Normalerweise gehe ich nicht fliegen, wenn Gewitter angesagt sind, in den Alpen schon gar nicht. Ich musste mir also überlegen, ob ich landen gehen soll, oder ob ich mit der Situation einen vernünftigen Umgang finden konnte. Vor Champagnol bin ich dann mal ins mehrheitlich Blaue raus geflogen. Da konnte ich die sich aufbauenden Wolken von der Seite gut beobachten. Vor mir Richtung Westen war rechterhand alles blau, dann kam eine ziemlich scharfe, gerade Wolkengrenze und weiter links wurde es immer dunkler und regnete ständig. Blitze habe ich nur einen gesehen. Als ich wieder eher schwaches Steigen ausgedreht habe, habe ich mal die nächste Wolke am Rand zum Blauen angesteuert und bis ca 1800 aufgedreht. Ich habe die ganze Zeit über die Burnair-Go-App den Bodenwind kontrolliert, um sicher zu gehen, dass da unten alles gut landbar ist. Ich hätte noch viel höher aufdrehen können (Sebi war auf 2500. War wohl Basishöhe), wollte aber nicht so nahe an die Wolken gehen. Man weiss ja nie so recht beim Aufdrehen, ob die Wolken sich nicht schnell aufbauen und zu saugen beginnen. Dann habe ich mal das Blaue angesteuert, um zu sehen, ob ich weg von den grossen Wolken gut vorankomme. Das ging sehr gut, die Wolken zogen also nicht.

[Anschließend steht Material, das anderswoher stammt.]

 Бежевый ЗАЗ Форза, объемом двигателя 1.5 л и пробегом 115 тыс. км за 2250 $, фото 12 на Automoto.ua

So bin ich dann dem Wolkenrand entlang von Quelli zu Quelli geflogen. Ich habe auch immer geschaut, ob es  für den Fall, dass ich doch noch hätte runterspiralen müssen, mit Windversatz geeignete Landeplätze gab. Da unten hats nämlich teilweise ziemlich viel Wald. Ausserdem habe ich immer meinen Anti-G-Bremsschirm dabei, falls ich zur Not runterspiralen muss.

Mit dieser Taktik habe ich mich sicher gefühlt. Total entspannt war ich trotzdem nicht, die Natur hat ja immer auch etwas unberechenbares.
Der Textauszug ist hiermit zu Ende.